After today's call we decided to keep it simple and go with a map<string,string>, also allowing users to put their metadata here too (under a prefix).

dennwc commented 1 month ago

@paulwe although I completely agree with your argument about the strict schema, I believe the use case here is a bit different.

We do not want any critical LiveKit-related data (or even metadata) here. We only want to pass some optional metadata for the end user to read.

A good example would be a provider-specific call ID for SIP. We definitely don't want a twilio_call_id in our schema. And some providers have more than one call-identifying piece of metadata (e.g. account ID, trunk ID, etc), so having a provider_call_id might not be enough.

The second reason is that passing separate metadata fields across the system is brittle. KV metadata acts as a single container and can be propagated as a whole, even if the service in the middle cannot directly unmarshal it.

paulwe commented 1 month ago

We do not want any critical LiveKit-related data (or even metadata) here. We only want to pass some optional metadata for the end user to read.

that's not how apis work... https://www.hyrumslaw.com

We definitely don't want a twilio_call_id in our schema

this seems fine if it's a 3rd party integration? sip metadata > provider oneof > twilio > etc...? are the sip providers supplying this data as string typed k/v pairs? if we're passing through a standard semistructured set of headers in this one context that's fine but it sounds like these are vendor specific structured fields. if we're writing code to convert structured vendor api responses to k/v we may as well use structured data.

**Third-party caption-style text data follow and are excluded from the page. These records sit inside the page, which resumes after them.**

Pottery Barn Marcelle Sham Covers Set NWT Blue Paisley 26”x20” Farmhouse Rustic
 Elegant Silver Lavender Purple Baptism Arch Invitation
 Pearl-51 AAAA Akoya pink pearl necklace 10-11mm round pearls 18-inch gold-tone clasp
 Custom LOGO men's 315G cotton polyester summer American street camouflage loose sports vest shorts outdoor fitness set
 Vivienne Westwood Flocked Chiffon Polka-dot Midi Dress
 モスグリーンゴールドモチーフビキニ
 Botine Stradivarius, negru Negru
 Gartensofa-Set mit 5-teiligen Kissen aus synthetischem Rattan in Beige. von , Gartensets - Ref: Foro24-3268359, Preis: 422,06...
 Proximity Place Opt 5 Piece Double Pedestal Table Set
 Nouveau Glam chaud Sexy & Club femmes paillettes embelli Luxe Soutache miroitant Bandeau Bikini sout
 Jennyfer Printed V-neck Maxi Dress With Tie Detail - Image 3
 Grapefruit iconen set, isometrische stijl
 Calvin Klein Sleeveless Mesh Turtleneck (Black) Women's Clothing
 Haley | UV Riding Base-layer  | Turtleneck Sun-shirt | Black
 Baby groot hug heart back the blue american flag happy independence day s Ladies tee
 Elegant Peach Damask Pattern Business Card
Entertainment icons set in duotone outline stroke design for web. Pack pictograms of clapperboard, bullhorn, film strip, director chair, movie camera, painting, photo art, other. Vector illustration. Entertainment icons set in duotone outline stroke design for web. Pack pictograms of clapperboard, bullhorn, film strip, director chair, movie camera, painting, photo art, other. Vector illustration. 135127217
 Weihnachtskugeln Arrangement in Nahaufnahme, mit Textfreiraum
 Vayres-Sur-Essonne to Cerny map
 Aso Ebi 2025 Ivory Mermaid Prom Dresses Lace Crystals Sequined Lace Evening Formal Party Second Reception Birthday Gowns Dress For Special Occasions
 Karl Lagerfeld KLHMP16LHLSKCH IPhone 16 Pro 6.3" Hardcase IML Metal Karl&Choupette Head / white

The second reason is that passing separate metadata fields across the system is brittle. KV metadata acts as a single container and can be propagated as a whole, even if the service in the middle cannot directly unmarshal it.

no, it's not. by default the protobuf unmarshal/marshal propagates unknown fields. eg.

message TestFoo {
  string a = 1;
  string b = 2;
}

message TestBar {
  string a = 1;
}
foo := &api.TestFoo{
    A: "a",
    B: "b",
}

fooBuf := must.Get(proto.Marshal(foo))

bar := &api.TestBar{}
must.Do(proto.Unmarshal(fooBuf, bar))

barBuf := must.Get(proto.Marshal(bar))

foo2 := &api.TestFoo{}
must.Do(proto.Unmarshal(barBuf, foo2))

fmt.Println(protojson.Format(foo2))
{
  "a":  "a",
  "b":  "b"
}

also allowing users to put their metadata here too (under a prefix).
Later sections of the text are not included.